In the same chapter of Mein Kampf where the Darwinist flavor is most pronounced – Chapter XI, “Nation and Race” – Hitler comments that while his philosophical outlook is based on respecting Nature’s laws, the Jews with their “effrontery” say the opposite: that “Man’s role is to overcome Nature!”
Hitler notes with disgust that, “Millions thoughtlessly parrot this Jewish nonsense and end up by really imagining that they themselves represent a kind of conqueror of Nature.”
There is, in other words, a Darwinian case for seeing the Jews as the ultimate Enemy. Darwin’s portrait of reality in his books is one where Nature determines all. In The Descent of Man, he explains that even our morality is a product of natural selection just like everything else about us.
The Jews, Hitler wrote, defy nature and call others to do so. This is the characteristic “Jewish nonsense.”
Which bring us to Hitler’s insight into Judaism. He had put his finger on a profound theme in rabbinic literature. The greatest sages of the Jewish past – from the the Maharal of Prague to Moshe Chaim Luzzatto to Samson Raphael Hirsch – taught that overcoming Nature is indeed the Jewish mission.
Practically, this means overcoming our own nature, bending it God’s will. As the Maharal (1525-1609) and others explained, the symbol of this unique Jewish mission is circumcision, a most unnatural thing to do.
We perform the bris specifically on the eighth day of an infant’s life. That’s because in the system of Jewish number symbolism, seven signifies the natural order of the world, which in the Bible’s narrative was created in seven days. The transcendence of this natural order is represented by seven plus one, or eight.
The bris on the male organ became, then, a most logical symbol of Jews and Judaism. A remarkable rabbinic image in the ancient midrashic work Tanchuma tells how the archetypal enemy of the Jews in Scripture, the wickedly nihilistic tribe of Amalek, abused the bodies of slain Jewish males. They would “cut off the circumcised organs and fling them upward,” a sign of contempt for Heaven. (See Rashi’s note on Deuteronomy 25:18.)

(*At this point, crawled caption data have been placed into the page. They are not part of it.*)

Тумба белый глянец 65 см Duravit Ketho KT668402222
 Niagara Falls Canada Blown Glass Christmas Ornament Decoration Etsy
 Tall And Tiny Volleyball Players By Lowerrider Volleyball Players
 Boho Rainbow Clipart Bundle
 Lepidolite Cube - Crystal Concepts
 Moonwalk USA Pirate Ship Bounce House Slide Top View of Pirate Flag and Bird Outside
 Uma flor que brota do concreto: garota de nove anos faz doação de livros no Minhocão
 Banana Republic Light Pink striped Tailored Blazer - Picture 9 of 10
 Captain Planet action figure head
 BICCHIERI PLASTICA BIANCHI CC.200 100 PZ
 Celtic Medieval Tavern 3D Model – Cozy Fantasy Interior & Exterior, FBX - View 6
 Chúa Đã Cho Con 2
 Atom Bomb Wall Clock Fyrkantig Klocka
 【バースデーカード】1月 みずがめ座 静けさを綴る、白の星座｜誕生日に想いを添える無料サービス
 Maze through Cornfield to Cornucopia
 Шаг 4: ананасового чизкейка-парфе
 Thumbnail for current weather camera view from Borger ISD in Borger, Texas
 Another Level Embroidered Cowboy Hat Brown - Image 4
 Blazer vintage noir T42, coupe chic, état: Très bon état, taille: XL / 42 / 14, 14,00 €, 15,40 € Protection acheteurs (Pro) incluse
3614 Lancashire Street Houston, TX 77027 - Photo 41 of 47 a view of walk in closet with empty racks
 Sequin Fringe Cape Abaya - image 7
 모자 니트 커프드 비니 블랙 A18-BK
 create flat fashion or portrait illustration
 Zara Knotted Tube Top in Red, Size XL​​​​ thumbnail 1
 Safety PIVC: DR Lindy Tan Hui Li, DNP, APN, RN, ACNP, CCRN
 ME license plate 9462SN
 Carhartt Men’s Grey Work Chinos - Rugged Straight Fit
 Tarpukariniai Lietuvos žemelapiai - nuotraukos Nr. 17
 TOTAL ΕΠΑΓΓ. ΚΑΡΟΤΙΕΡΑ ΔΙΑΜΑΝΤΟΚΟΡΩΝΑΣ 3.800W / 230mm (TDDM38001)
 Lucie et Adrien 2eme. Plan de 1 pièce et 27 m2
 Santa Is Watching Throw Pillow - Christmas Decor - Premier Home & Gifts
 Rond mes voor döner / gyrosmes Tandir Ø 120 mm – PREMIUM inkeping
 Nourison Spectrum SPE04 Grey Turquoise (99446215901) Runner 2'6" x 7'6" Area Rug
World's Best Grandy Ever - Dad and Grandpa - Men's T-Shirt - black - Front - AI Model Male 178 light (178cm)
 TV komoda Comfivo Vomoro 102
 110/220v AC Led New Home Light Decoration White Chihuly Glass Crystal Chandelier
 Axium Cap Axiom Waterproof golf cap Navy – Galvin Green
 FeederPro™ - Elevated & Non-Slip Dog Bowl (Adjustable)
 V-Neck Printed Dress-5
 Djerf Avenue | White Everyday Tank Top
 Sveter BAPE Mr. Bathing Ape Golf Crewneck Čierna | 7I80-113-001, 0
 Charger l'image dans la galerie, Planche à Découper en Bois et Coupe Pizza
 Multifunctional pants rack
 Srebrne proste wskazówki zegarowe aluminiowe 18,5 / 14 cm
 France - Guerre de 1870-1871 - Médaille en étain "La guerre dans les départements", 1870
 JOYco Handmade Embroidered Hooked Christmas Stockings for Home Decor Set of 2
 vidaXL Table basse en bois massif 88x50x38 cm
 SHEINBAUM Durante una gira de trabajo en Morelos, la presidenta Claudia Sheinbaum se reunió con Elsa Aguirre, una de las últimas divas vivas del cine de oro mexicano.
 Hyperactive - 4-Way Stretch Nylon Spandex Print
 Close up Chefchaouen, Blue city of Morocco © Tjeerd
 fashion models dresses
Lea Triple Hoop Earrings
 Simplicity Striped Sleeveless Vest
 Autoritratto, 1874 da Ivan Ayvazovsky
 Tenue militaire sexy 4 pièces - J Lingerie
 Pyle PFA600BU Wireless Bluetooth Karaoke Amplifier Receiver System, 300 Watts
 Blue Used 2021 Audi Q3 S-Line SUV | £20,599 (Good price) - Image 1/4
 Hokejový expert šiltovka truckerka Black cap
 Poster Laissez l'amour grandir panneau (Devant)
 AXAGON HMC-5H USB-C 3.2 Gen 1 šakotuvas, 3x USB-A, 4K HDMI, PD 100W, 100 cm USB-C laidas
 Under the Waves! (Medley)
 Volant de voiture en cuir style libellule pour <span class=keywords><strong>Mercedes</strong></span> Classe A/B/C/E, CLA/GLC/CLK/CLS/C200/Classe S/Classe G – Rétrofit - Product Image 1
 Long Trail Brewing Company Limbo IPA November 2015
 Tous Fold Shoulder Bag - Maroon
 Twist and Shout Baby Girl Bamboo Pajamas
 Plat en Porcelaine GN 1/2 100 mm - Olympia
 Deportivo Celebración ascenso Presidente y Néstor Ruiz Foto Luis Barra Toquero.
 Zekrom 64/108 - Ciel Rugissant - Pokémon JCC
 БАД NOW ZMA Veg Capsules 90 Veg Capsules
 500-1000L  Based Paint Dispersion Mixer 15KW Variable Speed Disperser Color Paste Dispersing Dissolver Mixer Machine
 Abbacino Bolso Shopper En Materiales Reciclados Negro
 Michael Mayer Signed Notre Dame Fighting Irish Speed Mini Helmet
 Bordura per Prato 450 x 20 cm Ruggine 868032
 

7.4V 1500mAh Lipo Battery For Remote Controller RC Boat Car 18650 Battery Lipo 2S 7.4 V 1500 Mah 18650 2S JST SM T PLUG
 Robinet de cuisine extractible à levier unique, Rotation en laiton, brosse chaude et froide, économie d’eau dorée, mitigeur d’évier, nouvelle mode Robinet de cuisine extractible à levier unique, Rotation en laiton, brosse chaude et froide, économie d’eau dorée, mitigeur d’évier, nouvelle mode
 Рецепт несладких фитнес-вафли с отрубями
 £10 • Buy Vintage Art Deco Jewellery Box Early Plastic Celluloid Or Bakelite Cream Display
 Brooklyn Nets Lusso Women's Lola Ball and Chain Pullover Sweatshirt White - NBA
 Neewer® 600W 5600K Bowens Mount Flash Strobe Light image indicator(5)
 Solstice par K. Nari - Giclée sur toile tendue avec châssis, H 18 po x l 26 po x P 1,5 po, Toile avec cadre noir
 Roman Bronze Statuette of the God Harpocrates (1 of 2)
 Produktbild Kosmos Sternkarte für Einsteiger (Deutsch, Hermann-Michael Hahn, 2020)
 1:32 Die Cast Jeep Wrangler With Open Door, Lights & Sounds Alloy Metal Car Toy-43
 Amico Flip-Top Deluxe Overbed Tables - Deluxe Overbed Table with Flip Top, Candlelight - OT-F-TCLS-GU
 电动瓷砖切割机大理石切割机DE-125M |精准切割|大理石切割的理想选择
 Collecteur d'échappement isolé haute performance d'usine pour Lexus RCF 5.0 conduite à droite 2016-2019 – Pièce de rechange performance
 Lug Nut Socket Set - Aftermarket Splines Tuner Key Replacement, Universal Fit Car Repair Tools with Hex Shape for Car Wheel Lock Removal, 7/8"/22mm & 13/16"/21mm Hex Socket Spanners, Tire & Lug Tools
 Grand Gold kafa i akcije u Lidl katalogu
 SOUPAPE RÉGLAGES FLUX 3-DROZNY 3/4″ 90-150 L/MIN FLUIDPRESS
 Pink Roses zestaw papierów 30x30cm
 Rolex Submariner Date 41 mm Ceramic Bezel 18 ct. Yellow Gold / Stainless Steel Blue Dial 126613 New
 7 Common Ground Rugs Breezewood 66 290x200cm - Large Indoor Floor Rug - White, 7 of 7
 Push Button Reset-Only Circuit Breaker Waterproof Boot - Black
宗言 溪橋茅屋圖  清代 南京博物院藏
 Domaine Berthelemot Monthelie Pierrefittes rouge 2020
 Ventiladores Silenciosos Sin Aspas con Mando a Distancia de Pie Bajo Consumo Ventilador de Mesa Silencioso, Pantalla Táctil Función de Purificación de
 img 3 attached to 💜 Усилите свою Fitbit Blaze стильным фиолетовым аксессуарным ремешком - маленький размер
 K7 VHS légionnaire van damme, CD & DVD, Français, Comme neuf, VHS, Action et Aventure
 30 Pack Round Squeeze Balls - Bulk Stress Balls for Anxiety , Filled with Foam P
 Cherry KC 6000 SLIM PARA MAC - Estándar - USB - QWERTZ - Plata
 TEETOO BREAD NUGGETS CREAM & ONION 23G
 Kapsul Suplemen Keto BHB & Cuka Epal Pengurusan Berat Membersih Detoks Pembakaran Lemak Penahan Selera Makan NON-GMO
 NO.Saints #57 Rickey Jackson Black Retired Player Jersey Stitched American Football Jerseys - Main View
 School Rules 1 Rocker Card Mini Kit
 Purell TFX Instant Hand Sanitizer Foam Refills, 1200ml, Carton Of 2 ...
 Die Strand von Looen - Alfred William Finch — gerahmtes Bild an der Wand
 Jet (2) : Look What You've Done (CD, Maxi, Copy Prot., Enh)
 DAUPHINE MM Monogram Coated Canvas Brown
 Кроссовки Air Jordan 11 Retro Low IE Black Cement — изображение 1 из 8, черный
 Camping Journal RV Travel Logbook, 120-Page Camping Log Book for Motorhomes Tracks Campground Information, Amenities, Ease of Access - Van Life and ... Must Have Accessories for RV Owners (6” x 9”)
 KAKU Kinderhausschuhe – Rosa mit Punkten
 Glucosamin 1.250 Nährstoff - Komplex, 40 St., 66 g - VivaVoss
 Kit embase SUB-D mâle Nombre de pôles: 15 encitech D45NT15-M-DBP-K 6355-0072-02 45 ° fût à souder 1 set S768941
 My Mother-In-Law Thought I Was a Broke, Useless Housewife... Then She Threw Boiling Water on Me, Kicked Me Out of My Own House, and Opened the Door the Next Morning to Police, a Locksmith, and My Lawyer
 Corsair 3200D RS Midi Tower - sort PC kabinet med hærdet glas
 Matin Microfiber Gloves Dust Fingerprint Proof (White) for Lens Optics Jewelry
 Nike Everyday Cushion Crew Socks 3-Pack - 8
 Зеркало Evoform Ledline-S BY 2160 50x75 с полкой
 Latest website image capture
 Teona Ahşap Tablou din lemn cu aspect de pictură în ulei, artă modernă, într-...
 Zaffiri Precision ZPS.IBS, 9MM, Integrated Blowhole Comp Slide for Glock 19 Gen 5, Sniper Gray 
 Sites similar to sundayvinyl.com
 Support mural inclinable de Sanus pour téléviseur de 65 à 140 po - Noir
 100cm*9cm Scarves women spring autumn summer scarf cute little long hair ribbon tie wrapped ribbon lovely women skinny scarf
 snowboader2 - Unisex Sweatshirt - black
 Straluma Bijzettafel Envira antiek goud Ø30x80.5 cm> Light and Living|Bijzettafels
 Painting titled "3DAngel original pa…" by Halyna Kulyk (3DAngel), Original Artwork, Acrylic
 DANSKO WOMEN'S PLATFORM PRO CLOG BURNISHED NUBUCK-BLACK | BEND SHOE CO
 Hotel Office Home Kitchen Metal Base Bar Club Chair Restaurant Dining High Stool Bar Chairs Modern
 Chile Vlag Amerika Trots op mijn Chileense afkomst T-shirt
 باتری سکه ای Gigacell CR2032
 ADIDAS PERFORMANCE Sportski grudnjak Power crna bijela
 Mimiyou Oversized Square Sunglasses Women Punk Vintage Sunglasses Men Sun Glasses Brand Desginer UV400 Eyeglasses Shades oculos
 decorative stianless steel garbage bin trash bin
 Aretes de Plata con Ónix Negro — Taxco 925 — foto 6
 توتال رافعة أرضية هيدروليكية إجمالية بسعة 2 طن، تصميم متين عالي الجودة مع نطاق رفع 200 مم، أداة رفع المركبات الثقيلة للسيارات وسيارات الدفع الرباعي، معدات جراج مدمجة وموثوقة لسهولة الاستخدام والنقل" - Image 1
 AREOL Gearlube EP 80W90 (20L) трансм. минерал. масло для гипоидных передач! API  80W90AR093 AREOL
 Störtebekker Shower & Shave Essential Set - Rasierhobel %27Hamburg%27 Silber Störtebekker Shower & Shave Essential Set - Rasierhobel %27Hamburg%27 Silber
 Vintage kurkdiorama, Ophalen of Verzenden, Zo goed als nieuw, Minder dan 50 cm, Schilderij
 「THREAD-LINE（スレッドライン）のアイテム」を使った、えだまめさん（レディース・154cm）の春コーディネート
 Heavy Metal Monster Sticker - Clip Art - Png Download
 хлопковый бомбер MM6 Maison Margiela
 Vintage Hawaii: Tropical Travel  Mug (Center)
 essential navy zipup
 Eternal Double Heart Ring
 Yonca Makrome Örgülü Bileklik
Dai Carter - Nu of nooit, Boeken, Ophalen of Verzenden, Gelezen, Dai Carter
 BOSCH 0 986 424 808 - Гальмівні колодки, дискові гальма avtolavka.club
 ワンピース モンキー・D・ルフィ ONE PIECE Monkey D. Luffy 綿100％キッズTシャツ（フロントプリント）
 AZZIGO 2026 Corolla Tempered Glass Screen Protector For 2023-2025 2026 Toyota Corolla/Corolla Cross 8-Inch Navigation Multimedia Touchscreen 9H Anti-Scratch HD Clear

Comparing the Nazis with Amalek is common in modern Jewish thought, but some Nazis too saw themselves that way. When Julius Streicher was hung, his last words were to cry out bitterly, “Purim Festival 1946!” It was a reference to the Jewish holiday commemorating the events recounted in the book of Esther.
In the story, a minister in the Persian royal court, Haman, descendant of the Amalekite king Agag, seeks to exterminate the Jews but is executed himself in the end, by hanging. As historian Robert Conot writes in Justice at Nuremberg, this demonstrates Streicher’s “fascination with and knowledge of Judaism.”
Indeed. We could say the same of Hitler.